** TASK OBJECTIVE **
What's needed is an exact retyping of the lines from the start of the listing up to and including the line with "Alize Softy Mega", minus any pictures.
[[ PROVIDED MATERIAL, beginning ]]
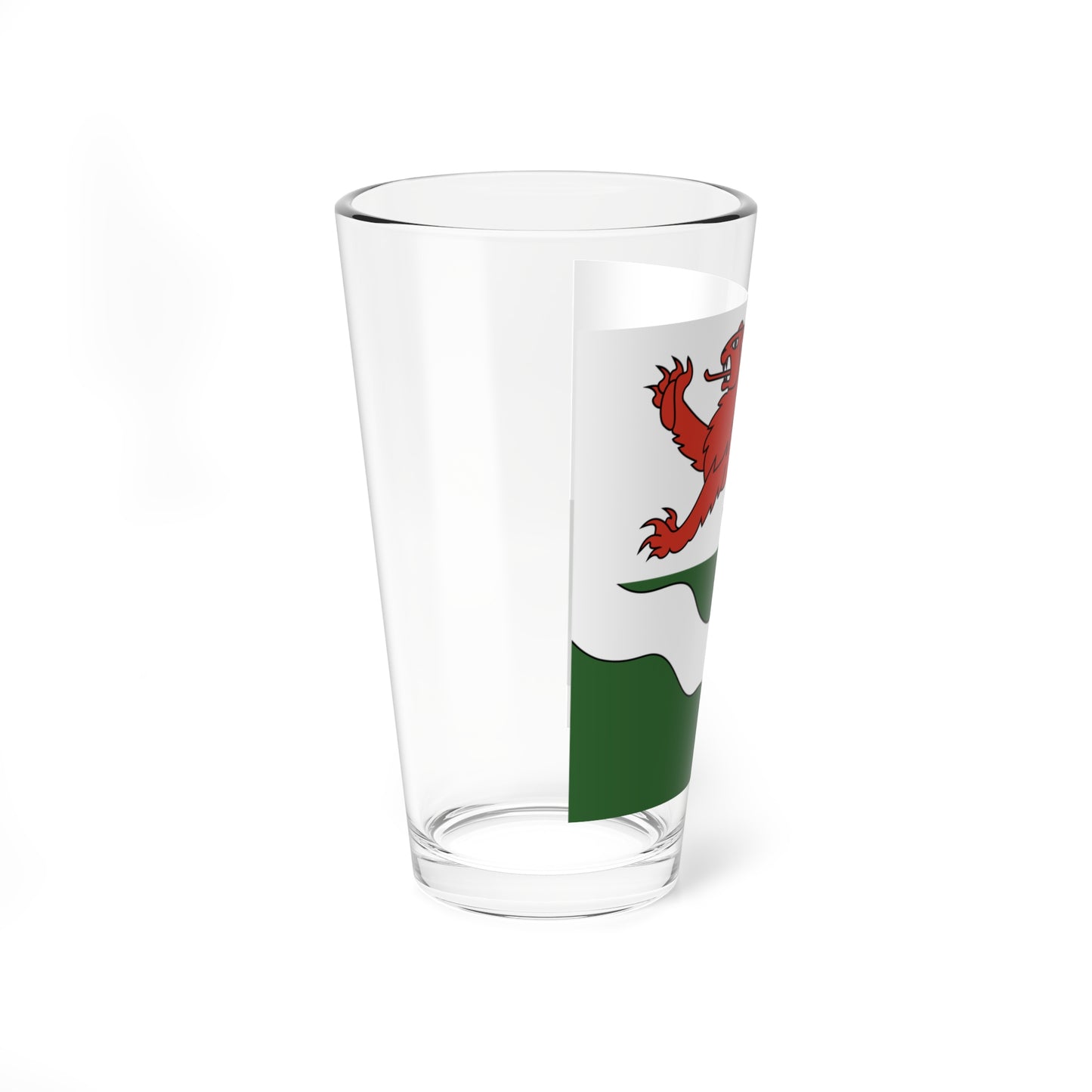 CHE Mattenbach Flag (Switzerland) Pint Glass 16oz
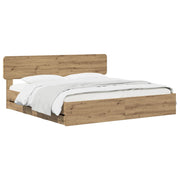 Bedframe 180x200 cm Artisan Oak met opbergruimte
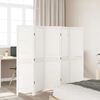vidaXL Room Divider 5 Panels White Solid Wood Paulownia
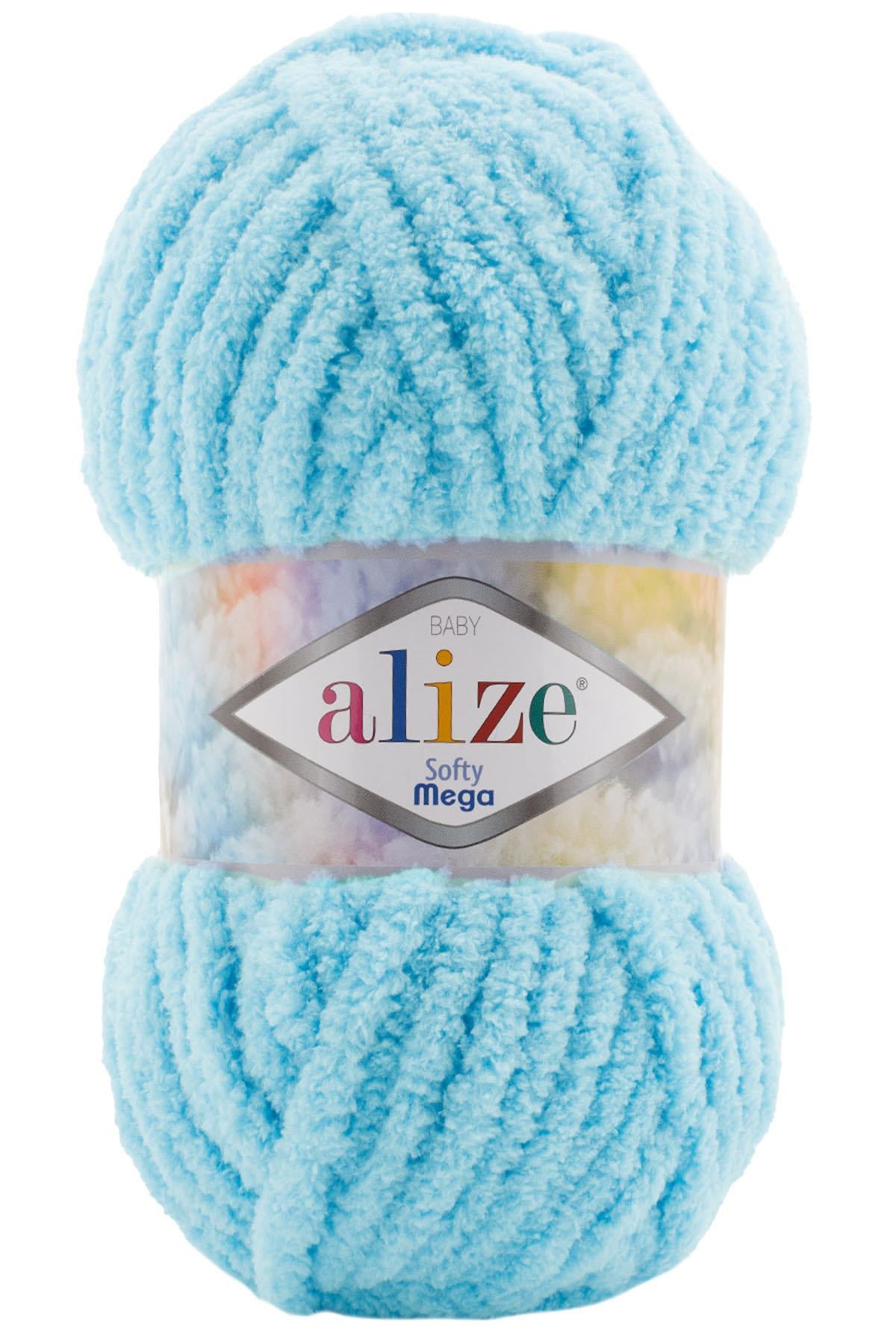 Alize Softy Mega (Kalın) 128 Deniz Köpüğü El Örgü İpi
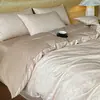 Juego de Cuatro Piezas Jacquard de Lujo Ligero de Algodón Puro, Ropa de Cama de Satén de Algodón de Fibra Larga de 60 Hilos, Funda de Edredón, Sábanas 100% Algodón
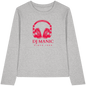 DJ Manic - Streetware - Womens Organic Longsleeve T-Shirt - ThreadLabs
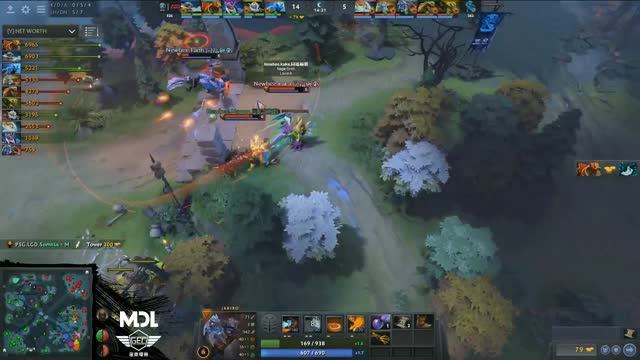 PSG.LGD gets 2 kills!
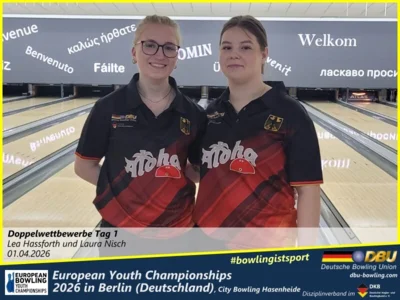 Foto des Albums: Fotoalbum 6 von den European Youth Championships 2026 in Berlin, City-Bowling Hasenheide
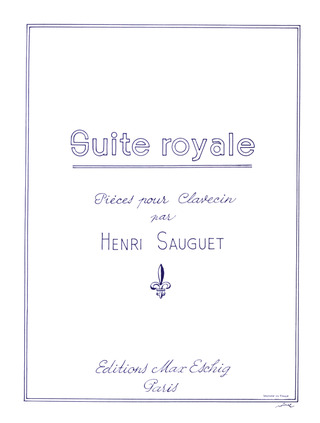 Suite Royale Clavecin (SAUGUET HENRI)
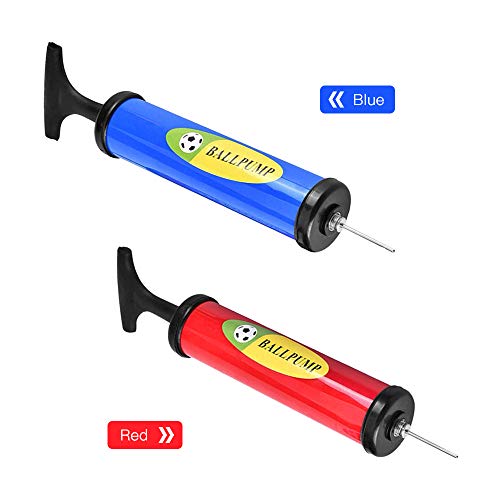 KKmoon Bomba de ar de futebol de futebol de plástico 6 pol. Bola inflável Bomba de ar manual Mini bo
[[ PROVIDED MATERIAL, end ]]
** ANSWER FOR THE TASK **
 CHE Mattenbach Flag (Switzerland) Pint Glass 16oz
 Bedframe 180x200 cm Artisan Oak met opbergruimte
vidaXL Room Divider 5 Panels White Solid Wood Paulownia
 Alize Softy Mega (Kalın) 128 Deniz Köpüğü El Örgü İpi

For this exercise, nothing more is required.